Hello @Leeroy Thanks a lot for the writeup and your testing. To give more context on my current case.
We have been encountering a persistent issue with missing visualizations in OpenSearch Dashboards. Originally, the problematic dashboards and visualizations were created using version 2.3.0. After upgrading to 2.11, we began experiencing this issue. As a workaround, we reverted the .kibana alias back to .kibana_1, which had been migrated to .kibana_2 during the 2.11 upgrade. We also deleted the .kibana_2 index at that time.
Hoping the issue would be resolved, we upgraded further to 2.15. However, the problem persisted. We applied the same mitigation strategy again — reverting the alias to .kibana_1 and deleting .kibana_2. Unfortunately, this has become a recurring pain point. After every pod restart, the issue reappears and requires manual intervention.
To reproduce the issue in a development environment, I exported mappings, index objects from .kibana_1 as well as from the particular tenant index of the main(PROD) cluster to a dev cluster. I attempted an upgrade in the dev setup, but as you observed, we were unable to reproduce the missing visualizations.
Interestingly, we have another production cluster in a different region acting as a backup for the main cluster. This backup cluster is also running on OS version 2.15, with the global alias correctly pointing to .kibana_2, and it does not experience the missing visualization issue. Furthermore, the .kibana_2 index mappings in both the main and backup clusters are identical (as verified via GET .kibana_2/_mapping).
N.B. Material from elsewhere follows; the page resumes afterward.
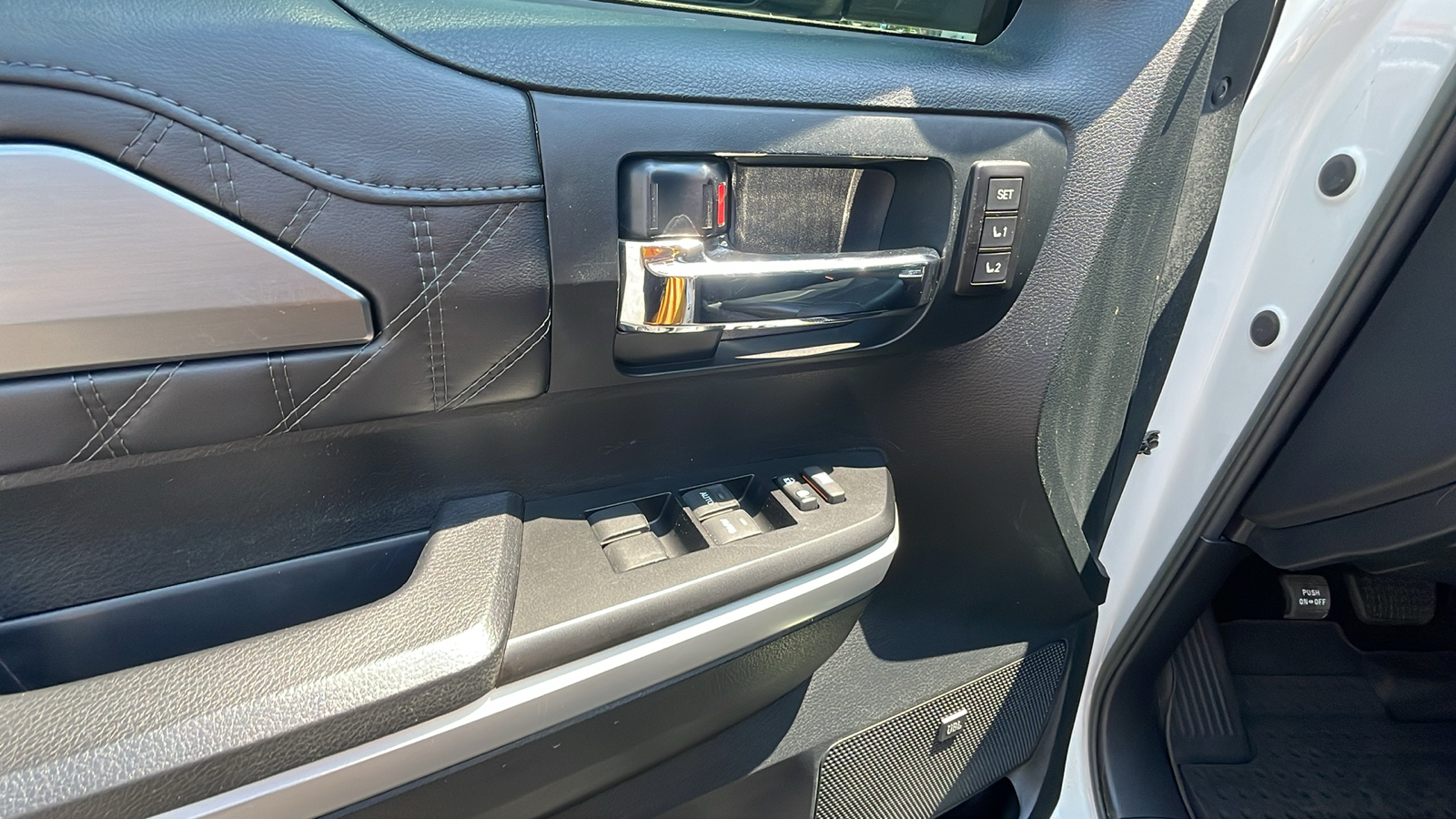 2016 Toyota Tundra Platinum 12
I also reviewed the verbose migration logs for the main (prod) cluster. They confirm that all visualizations were successfully migrated from .kibana_1 to .kibana_2 during the pod restart. However, we continue to manually revert the alias to .kibana_1 after each restart because of the missing visualizations issue. This cycle repeats with every pod restart, requiring the same manual mitigation.
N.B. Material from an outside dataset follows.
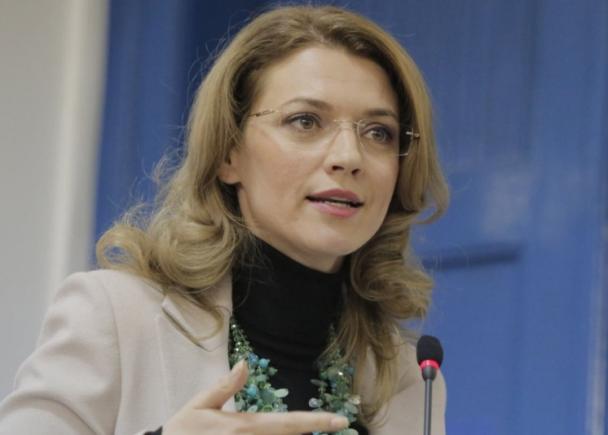 Alina Gorghiu, validată în funcţia de preşedinte al PNL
One additional observation: in the main cluster, the tenant index (.kibana_1_572569278_abctenant_1, originally created in 2.3) does not migrate after a pod restart. In contrast, the backup cluster has the corresponding tenant index already migrated to .kibana_572569278_abctenant_2. It is created on 2.15. Note the difference in index naming — the main cluster uses .kibana_1_... while the backup uses .kibana_....
Analysis Summary:
I conducted a comparison of the impacted dashboard’s panelsJSON field between .kibana_1 and .kibana_2.
Observations:
-
.kibana_1 Panels:
-
"version": "2.3.0-oracle.24"
-
dashboard.migrationVersion: 7.9.0
-
visualization.migrationVersion: 7.10.0
-
.kibana_2 Panels:
-
"version": "2.15.0-oracle.19"
-
dashboard.migrationVersion: 7.9.0
-
visualization.migrationVersion: 7.10.0
Both indices (.kibana_1 and .kibana_2) show identical top-level migrationVersion values for the dashboard and visualizations. However, the individual panel versions differ.
Hypothesis:
Although the top-level dashboard.migrationVersion is set to 7.9.0, it appears that OpenSearch Dashboards 2.15 determines how to hydrate the saved object based on the version of the individual panels in panelsJSON.
-
When the system detects panel versions ≥ 2.15.0, it likely triggers the newer (7.10+) hydration logic.
-
However, since the dashboard-level metadata remains at an older version (7.9.0), the object may lack the normalized fields expected by the newer hydration logic — leading to partial or failed rendering (i.e., “Could not locate that visualization” errors).
Why reverting the alias to .kibana_1 works:
-
.kibana_1 contains dashboards and panels created with 2.3.0.
-
With both the dashboard and panel versions aligned to the pre-7.10 era, hydration logic defaults to the legacy safe path, handling references and structure in a backward-compatible way.
Possible Regression or Behavior Change:
-
In version 2.3.0, OpenSearch Dashboards correctly resolved saved object references (e.g., visualizations) entirely from the tenant index.
-
In version 2.15.0, it seems to expect referenced objects to also exist in the global index, and fails silently if they don’t — displaying generic missing visualization errors.
This could indicate either:
-
A regression in reference resolution logic, or
-
An intentional behavioral change that hasn’t been clearly documented.
-
I am missing some important piece in middle
Request for Guidance:
Could you please confirm:
-
Whether this understanding aligns with known changes in object hydration or saved object migration logic between 2.3 and 2.15?
-
If this behavior is expected, is there a recommended way to ensure reliable migration from older .kibana indices to .kibana_2 without breaking visualization references?
This issue is currently blocking us, as we must apply a manual alias rollback after every pod restart. Any insights or recommended next steps would be greatly appreciated. I can share additional logs, index exports, or config details if helpful.